なぜ助けない。薄汚い色付きどもめ。憎悪と怨嗟の絶叫が響き渡る、Ep.11。
"鋼鉄の軍靴は血塗られたマグノリアを
踏みつけ、受難の火が彼らを焼く。"
感想
ここまでの戦果があっさり覆される導入はそれなりに衝撃的ですが、それはそれとして引き延ばしの手段じゃないよな?と下衆の勘ぐりをしてしまいそうになります。

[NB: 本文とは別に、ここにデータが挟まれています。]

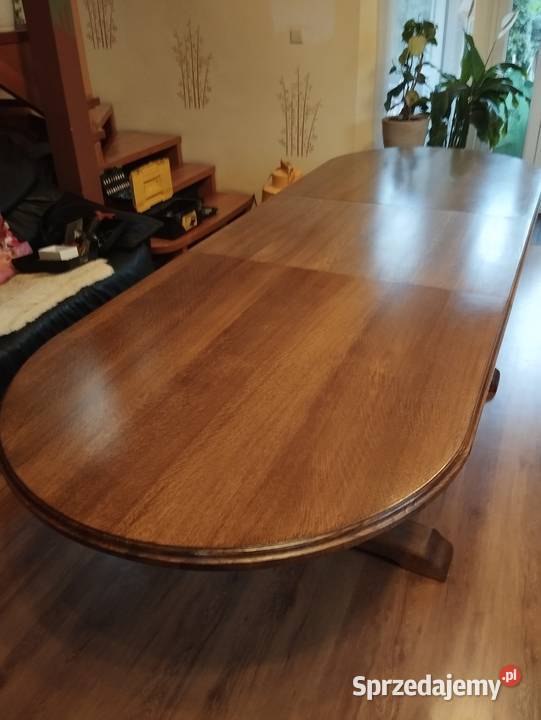 Stół dębowy lite drewno old style mazowieckie Baszkówka
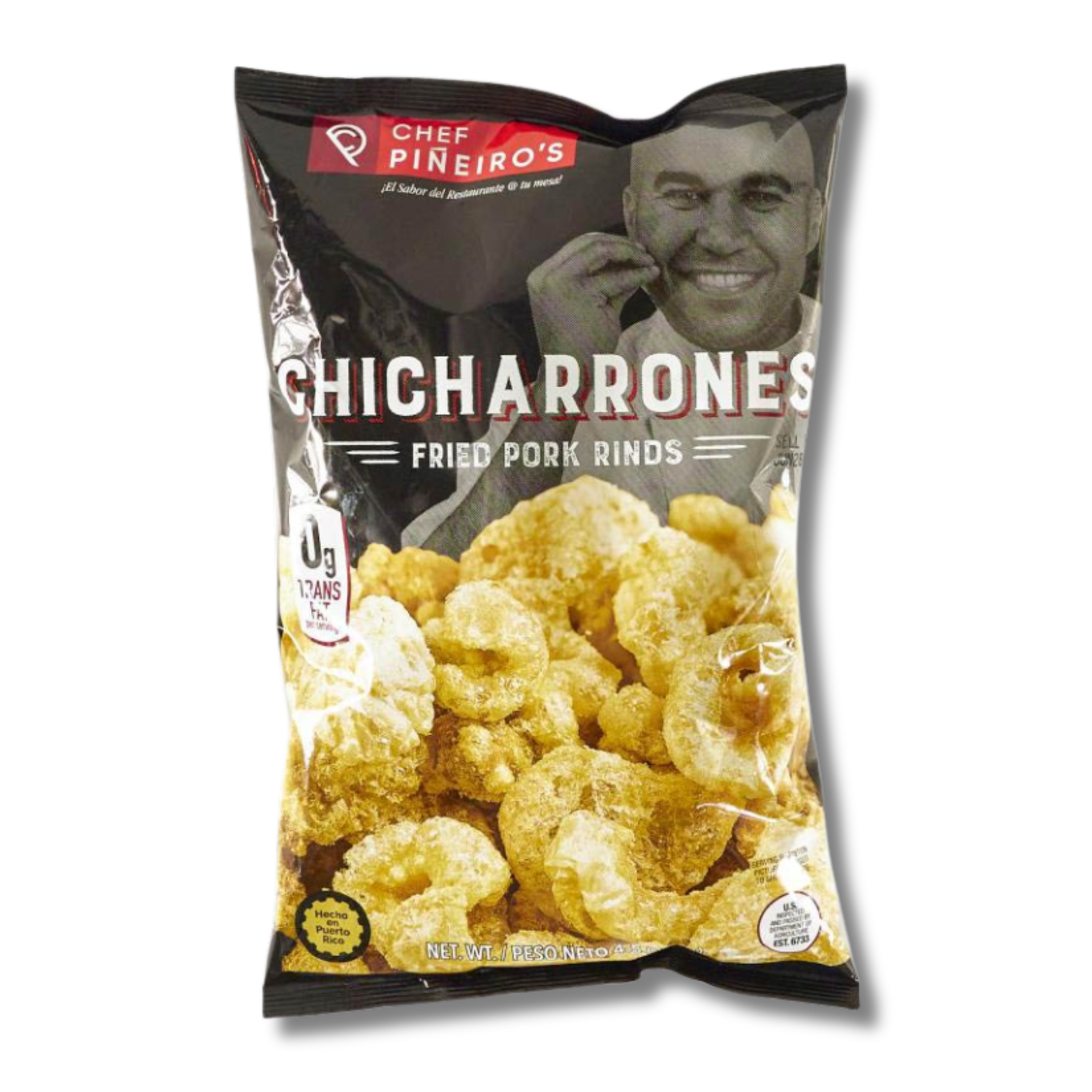 Chef Piñeiro’s Chicharrones 4.5 oz 🐷 | Snack Crujiente Boricua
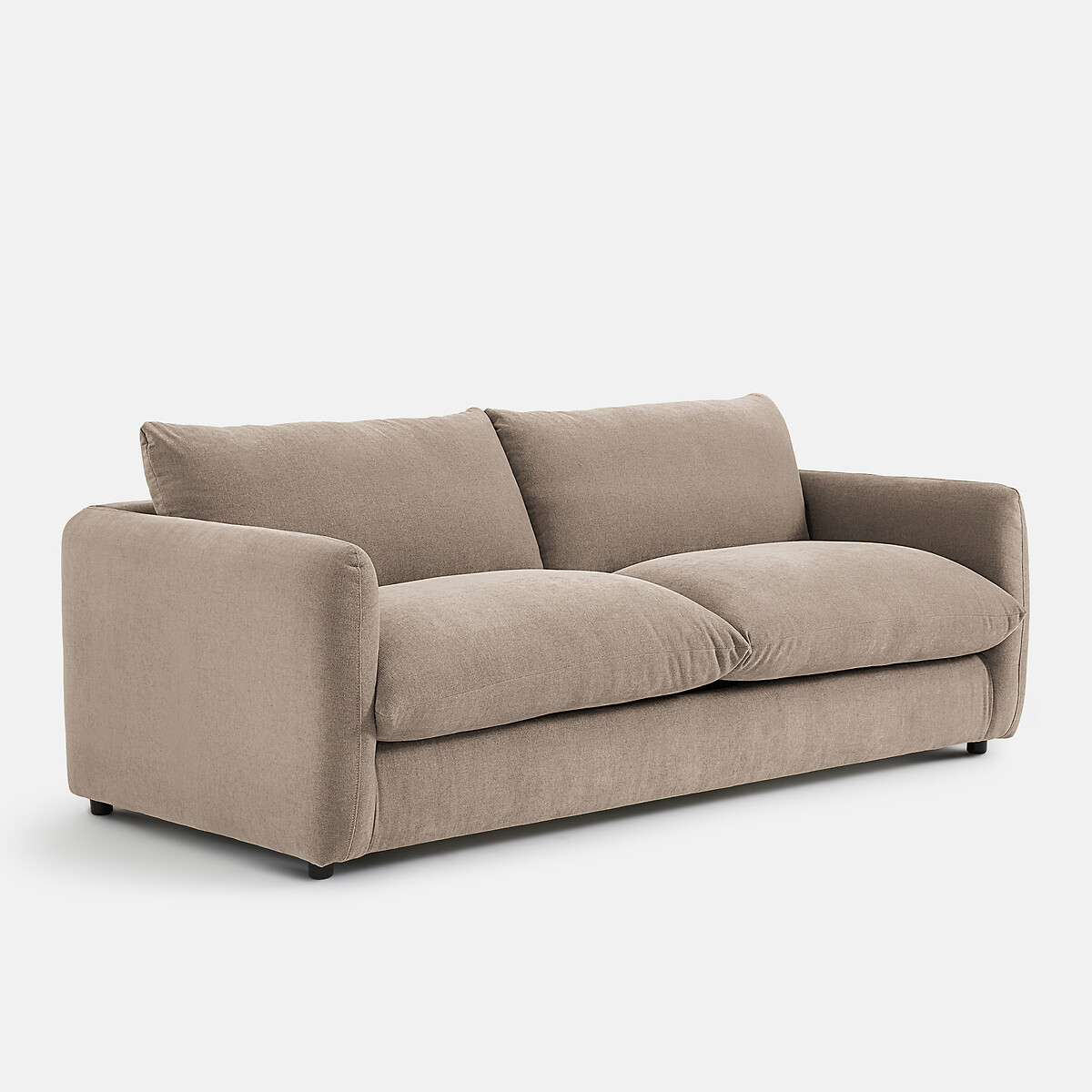 2-, 3- of 4-zits slaapbank in gemêleerd polyester, YDE taupe , LA REDOUTE INTERIEURS
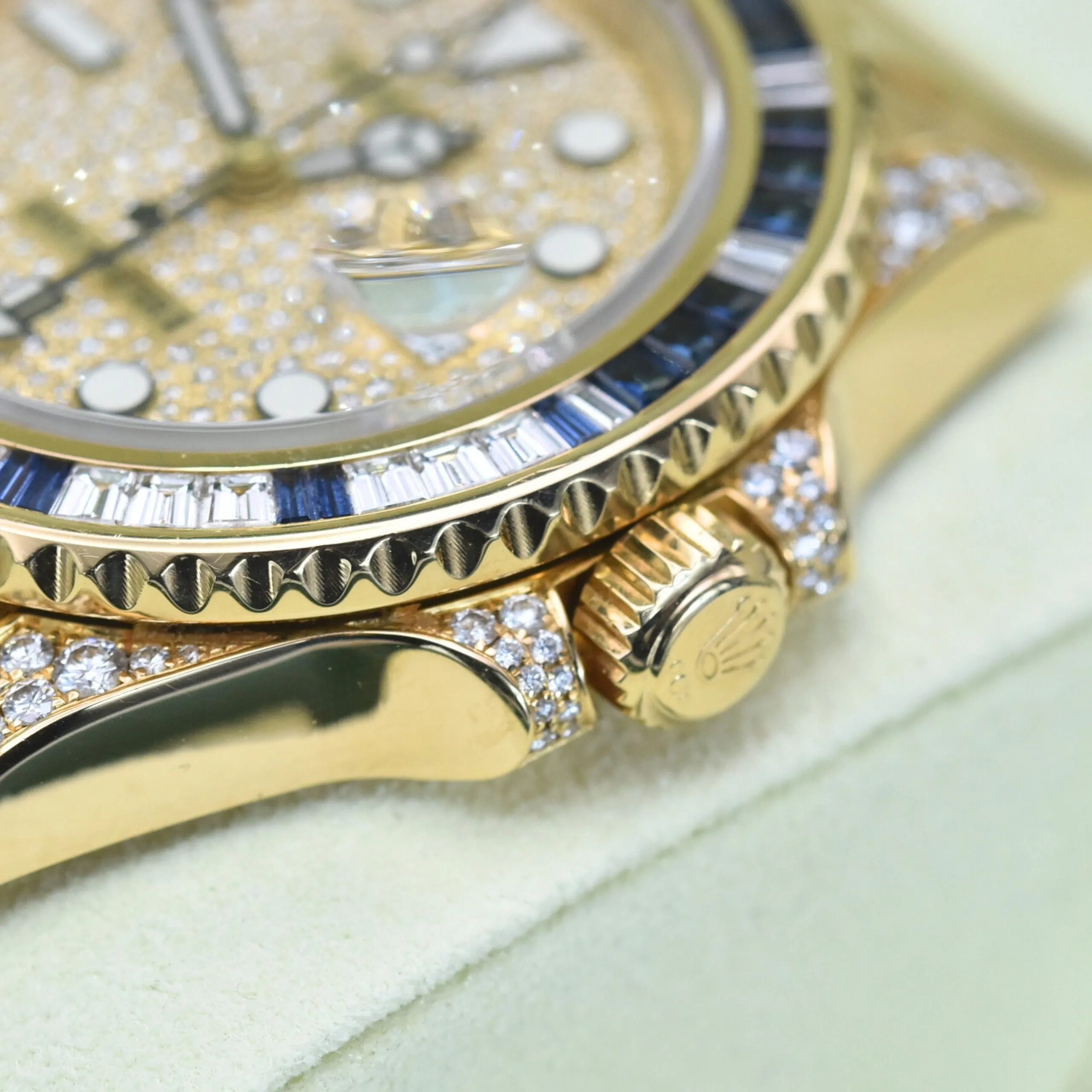 Rolex GMT-Master II 116758SARU Pave Diamond Dial 40mm - Image 7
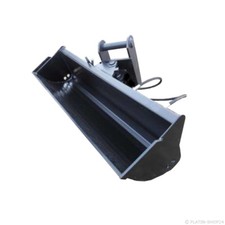 Baggerschaufel 1000mm MS03 hydraulisch schwenkbar Minibagger Radlader Schaufel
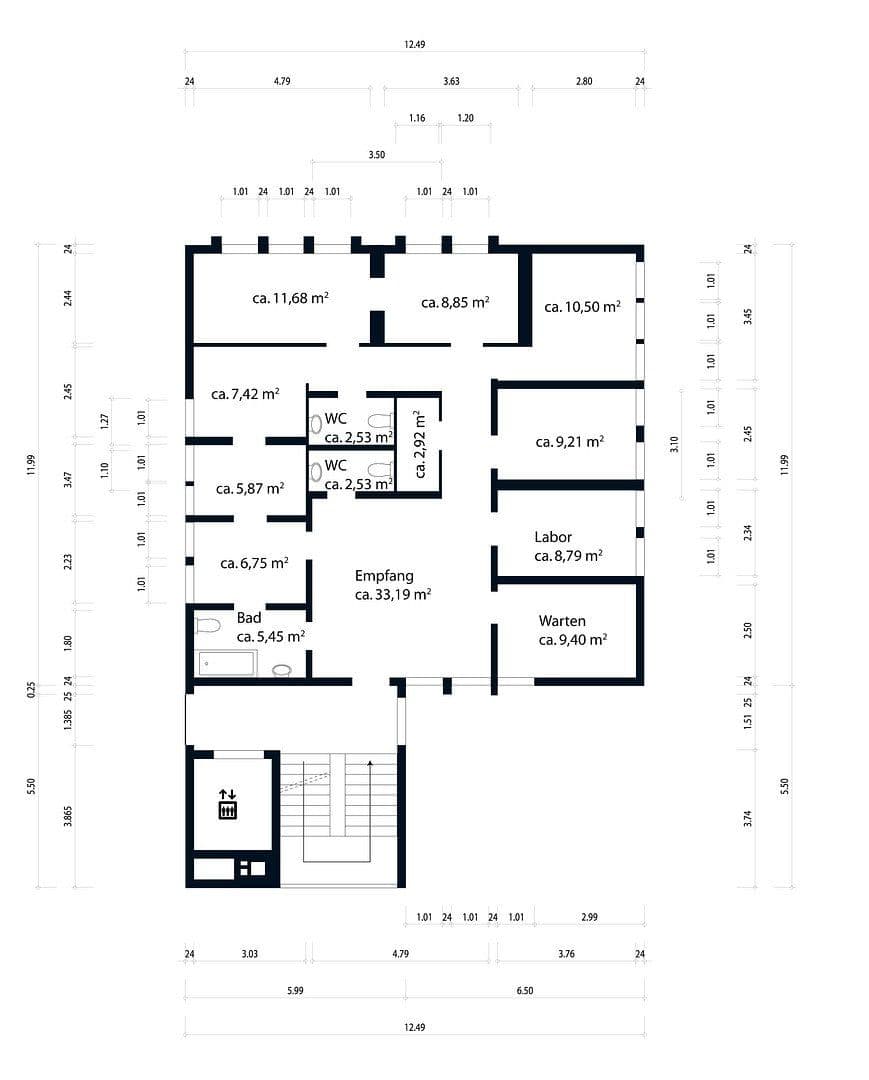 Pronájem kanceláře 135 m², Hanau, Hessen Pronájem kanceláře 135 m², Hanau, Hessen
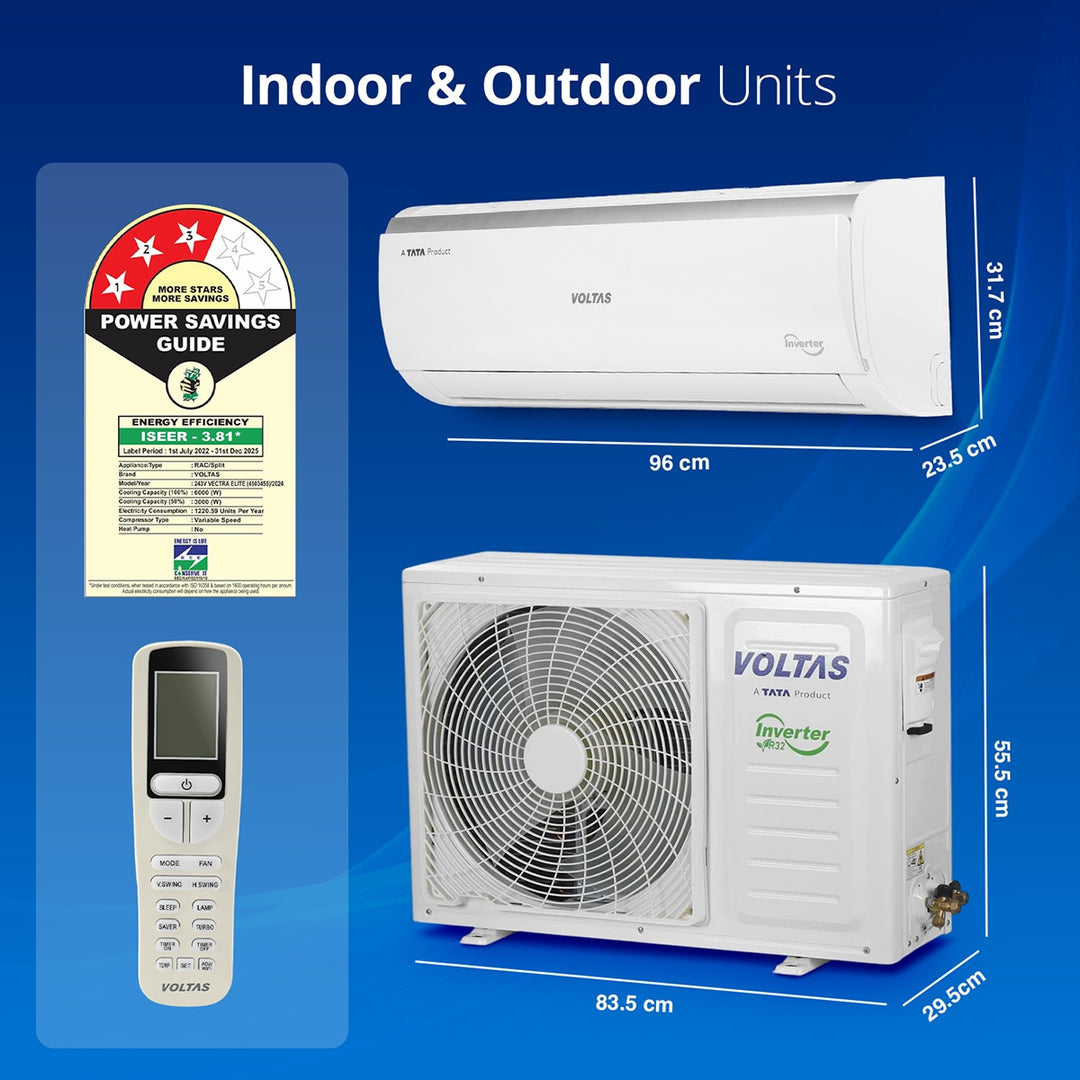 Voltas Adjustable Inverter Split AC, 2 Ton, 3 star - 243V Vectra Elite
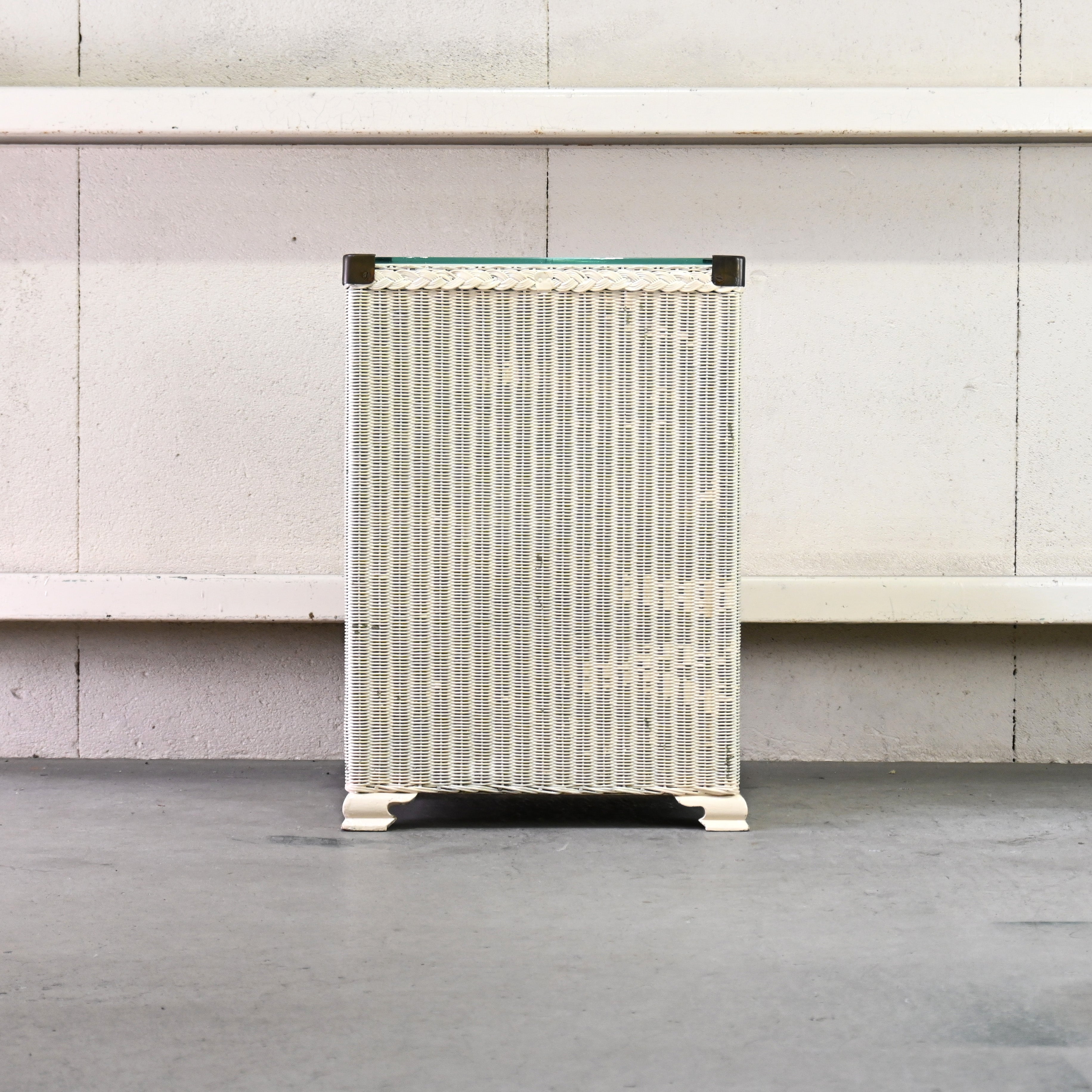 LLOYD LOOM Bed side cabinet Craft paper British antique Shabbychic / ロイドルーム ベッドサイドキャビネット クラフトペーパー イギリンアンティーク シャビーシック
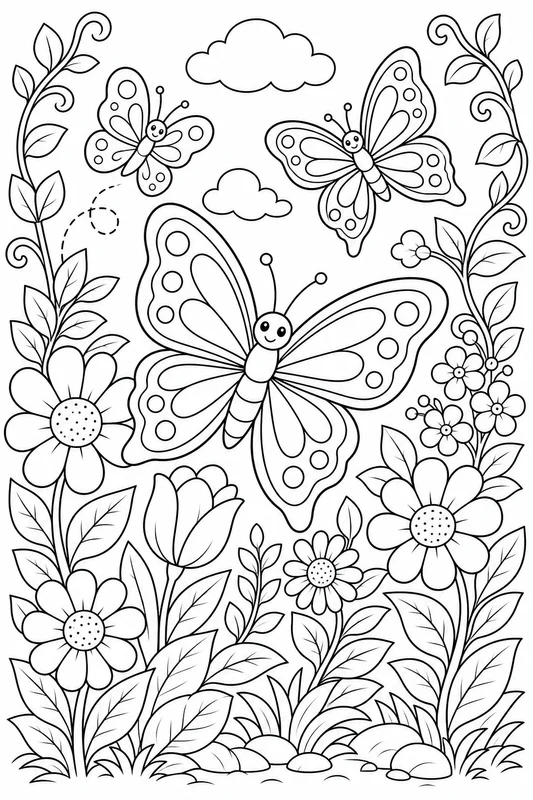 Dibujos de mariposas para colorear 14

で、メインは共和国の撤退戦を支援するお話。以前から、エイティシックスは何故共和国の白豚どもに唯々諾々と従ってきたんだ?というツッコミは散々為されてきており、エイティシックスなりの矜持、というのが一定の回答として示されてきましたが、今巻で復讐に走ったエイティシックスたちの存在が開示され、まぁ当然そういう発想する奴もいるよな、という敵と戦うことになります。あらすじ的に、これまでエイティシックスを痛めつけてきた白豚どもが酷い目に遭って楽しい!という読み方をすることも駄目ではないと思いますが、現実や自分自身を省みると、一概に共和国民を物語の中に切り離し、単なる悪役に対する因果応報として受容することが正しいとは言えないように思います。まぁいわゆる上級国民だけが丸々無傷で生き残っているのはかなり胸糞案件だったりはしますが。ただ、犠牲が生じざるを得ない戦争において、誰を犠牲とするのか、自分を犠牲にできるのか、犠牲となる人々に対してどのように向き合うべきなのか、といったところを、共和国の皆さんを見てると考えてしまいますね。
レギオンがどんどん人間らしさみたいなものを獲得してきていることは脅威である一方で、その人間性もどきが戦争終結の鍵を握る伏線ではないか?などとも思ったり。ラストではラスボスと目される存在も明らかになり、いよいよ最終章っぽいですが、果たして。